▸ EXERCISE DETAILS:
Return the following from the records below: each line, word for word, starting with the line that contains "Coral Grouper - Cephalopholis" and going on through the line that contains "SH38014 Frailea castanea, 3 plants, seedling", with nothing outside that range.

▸ PROVIDED INFORMATION:
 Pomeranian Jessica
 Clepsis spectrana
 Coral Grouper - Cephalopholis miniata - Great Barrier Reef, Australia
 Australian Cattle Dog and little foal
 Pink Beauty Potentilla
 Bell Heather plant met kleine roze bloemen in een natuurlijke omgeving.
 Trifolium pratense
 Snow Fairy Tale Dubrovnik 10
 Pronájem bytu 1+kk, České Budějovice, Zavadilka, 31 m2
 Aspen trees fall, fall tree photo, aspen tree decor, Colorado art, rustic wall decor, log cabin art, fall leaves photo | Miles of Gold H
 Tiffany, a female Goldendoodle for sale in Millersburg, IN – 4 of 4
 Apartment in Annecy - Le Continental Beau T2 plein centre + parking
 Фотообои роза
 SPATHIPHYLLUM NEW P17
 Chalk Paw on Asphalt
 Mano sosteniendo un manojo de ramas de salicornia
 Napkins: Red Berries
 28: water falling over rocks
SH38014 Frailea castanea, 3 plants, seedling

* * *

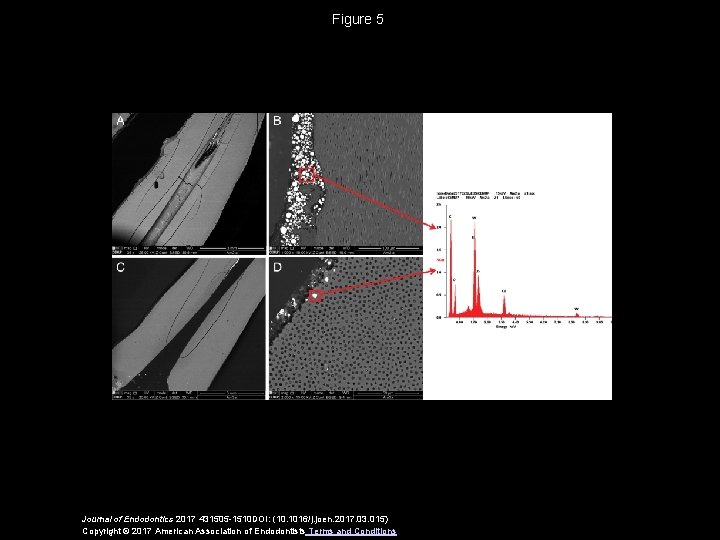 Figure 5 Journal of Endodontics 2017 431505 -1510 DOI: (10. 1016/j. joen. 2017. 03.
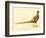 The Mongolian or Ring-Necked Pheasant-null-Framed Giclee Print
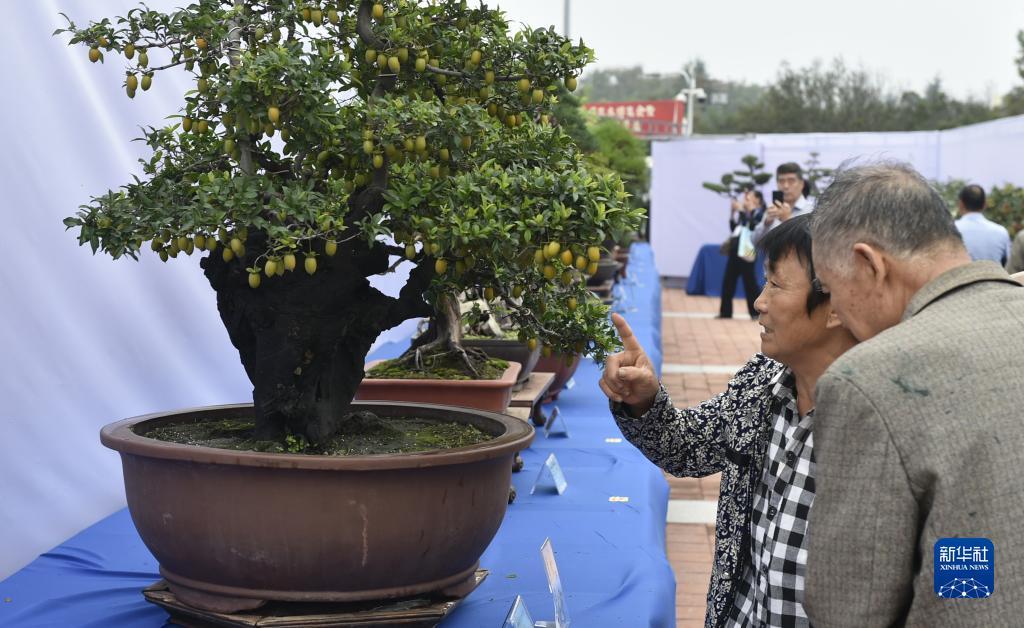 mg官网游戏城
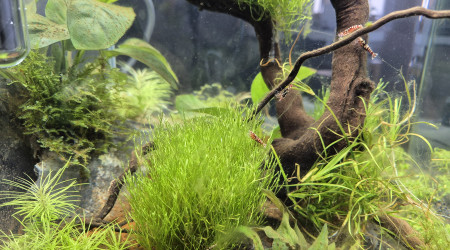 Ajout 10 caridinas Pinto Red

...

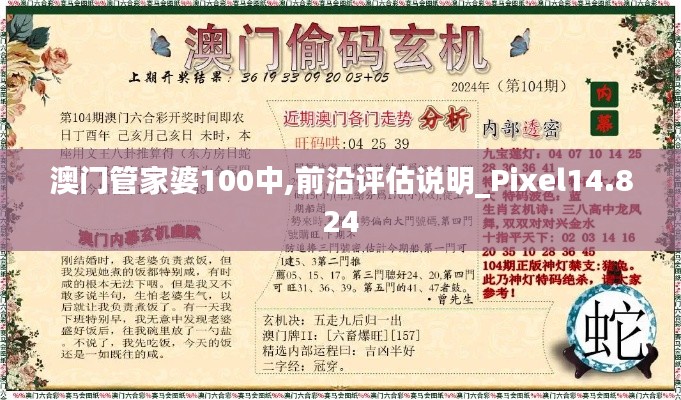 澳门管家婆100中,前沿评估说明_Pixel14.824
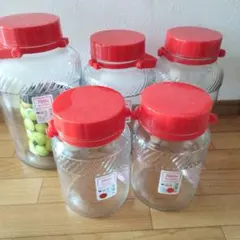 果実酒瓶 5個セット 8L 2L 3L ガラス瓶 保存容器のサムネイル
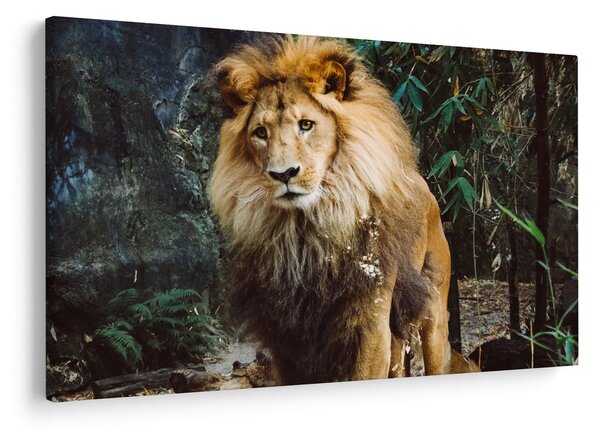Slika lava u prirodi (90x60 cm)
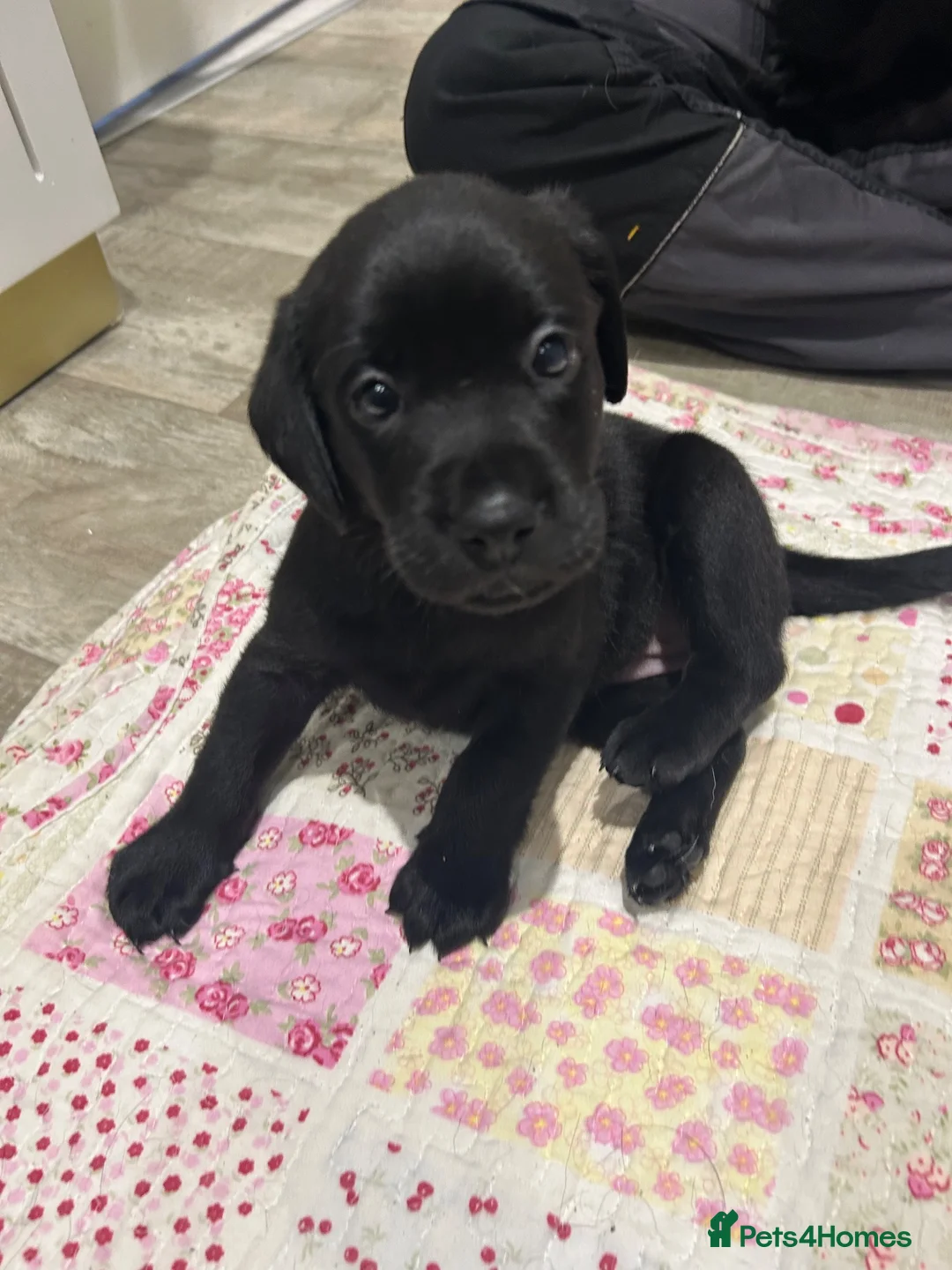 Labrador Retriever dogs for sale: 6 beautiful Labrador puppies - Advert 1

▸ SOLUTION TO THIS PROBLEM:
 Coral Grouper - Cephalopholis miniata - Great Barrier Reef, Australia
 Australian Cattle Dog and little foal
 Pink Beauty Potentilla
 Bell Heather plant met kleine roze bloemen in een natuurlijke omgeving.
 Trifolium pratense
 Snow Fairy Tale Dubrovnik 10
 Pronájem bytu 1+kk, České Budějovice, Zavadilka, 31 m2
 Aspen trees fall, fall tree photo, aspen tree decor, Colorado art, rustic wall decor, log cabin art, fall leaves photo | Miles of Gold H
 Tiffany, a female Goldendoodle for sale in Millersburg, IN – 4 of 4
 Apartment in Annecy - Le Continental Beau T2 plein centre + parking
 Фотообои роза
 SPATHIPHYLLUM NEW P17
 Chalk Paw on Asphalt
 Mano sosteniendo un manojo de ramas de salicornia
 Napkins: Red Berries
 28: water falling over rocks
SH38014 Frailea castanea, 3 plants, seedling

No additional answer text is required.